Real Example: SOCI101 Course Assistant

Setup: Professor uploads SOCI101 Spring syllabus, 3 assignment PDFs, and a rubric. Instructions specify the late policy (10% per day), office hours (Tuesday 2–4pm), and that the bot can explain sociological concepts at an intro level.

Input (student at 11pm Sunday): "Hey, I forgot when the annotated bibliography is due and what format it needs to be in."

Output: "Your annotated bibliography is due Sunday, April 6 at 11:59pm on Canvas. Format: APA citations with a 150-word annotation per source explaining the argument, methodology, and relevance to your research question. You need 8–10 sources. See page 5 of the syllabus for full details."

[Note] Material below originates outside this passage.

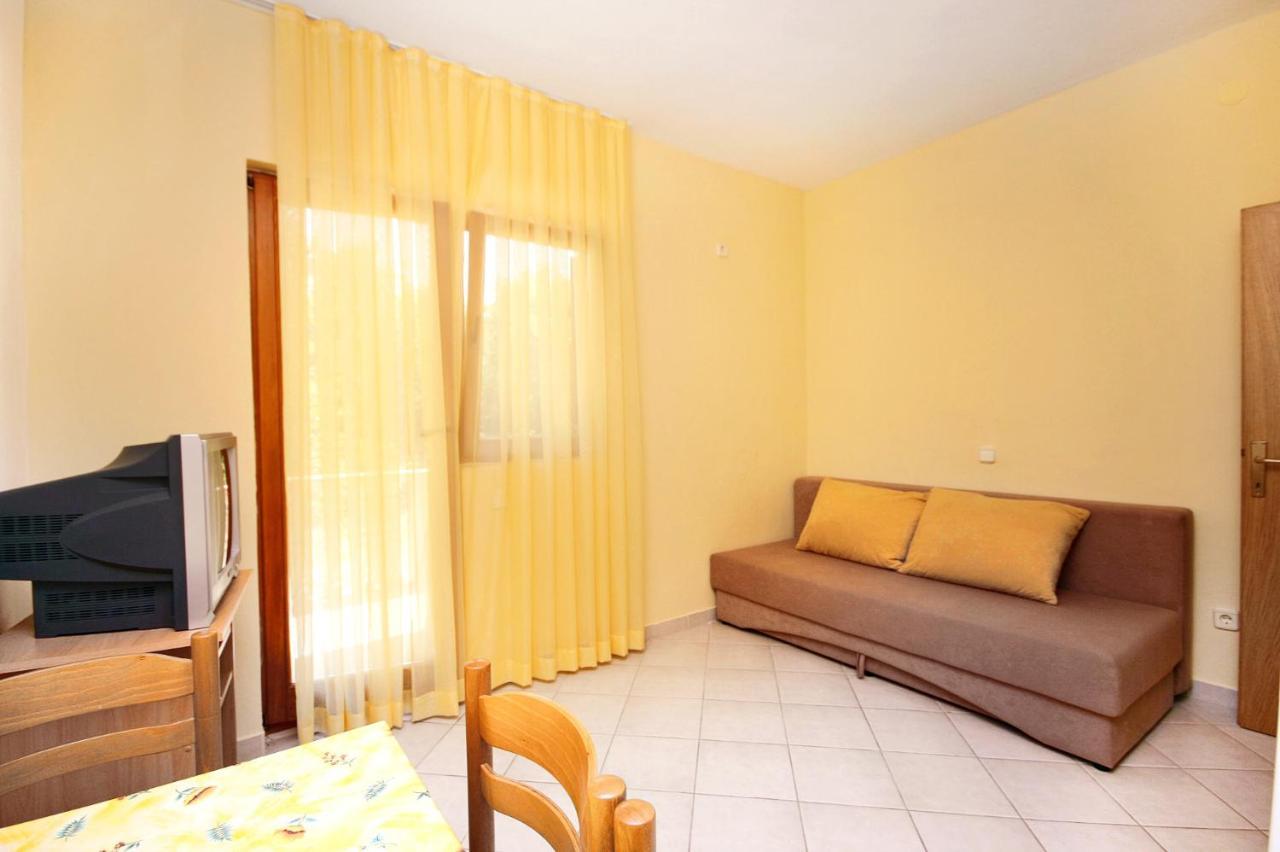 Apartments With A Parking Space Rovanjska, Paklenica - 6209 Luaran gambar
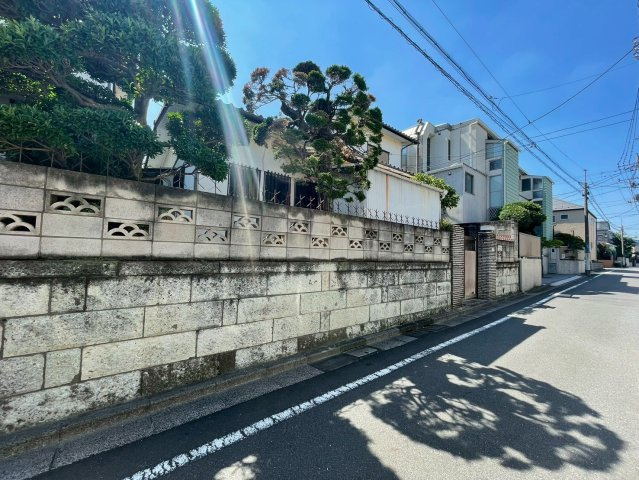 練馬区富士見台３丁目・土地の前面道路含む現地写真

Time saved: 3 minutes (student would have emailed; professor would have responded next morning). Over a semester with 30 students asking 3–5 questions each that the bot can handle: 4–6 hours of email time saved.


What to Do When It Breaks

  • Bot gives wrong policy → Go to Configure → Instructions, add a specific rule: "The late penalty is specifically X% per day, not Y%." Re-test.
  • Bot refuses to explain concepts → Loosen the Instructions: add "You CAN explain course concepts and help students understand material — this is encouraged."
  • Students say the link doesn't work → Check the share settings: the GPT must be set to "Anyone with a link" (not "Only me")
  • Bot makes up information → Add to Instructions: "If you are not certain about something from the uploaded documents, say 'I'm not sure — please check with Professor [Name].' Do not guess."

Variations

  • Simpler version: Use a Claude Project instead — upload your syllabus and set instructions. No custom GPT builder needed, but students need a Claude account to access it.
  • Extended version: Add a knowledge file with "concepts glossary" explaining the 20 key terms in your course. The bot can then tutor students on terminology between classes.

What to Do Next

  • This week: Build the GPT, test it thoroughly, and share with students via your Canvas announcement
  • This month: After 3–4 weeks, note which questions students still email you about — add more specific rules to the Instructions to handle those
  • Advanced: If you teach multiple sections, create one GPT per course — same process, different knowledge files

Advanced guide for Higher Ed Faculty / Adjunct Professor professionals. These techniques use more sophisticated AI features that may require paid subscriptions.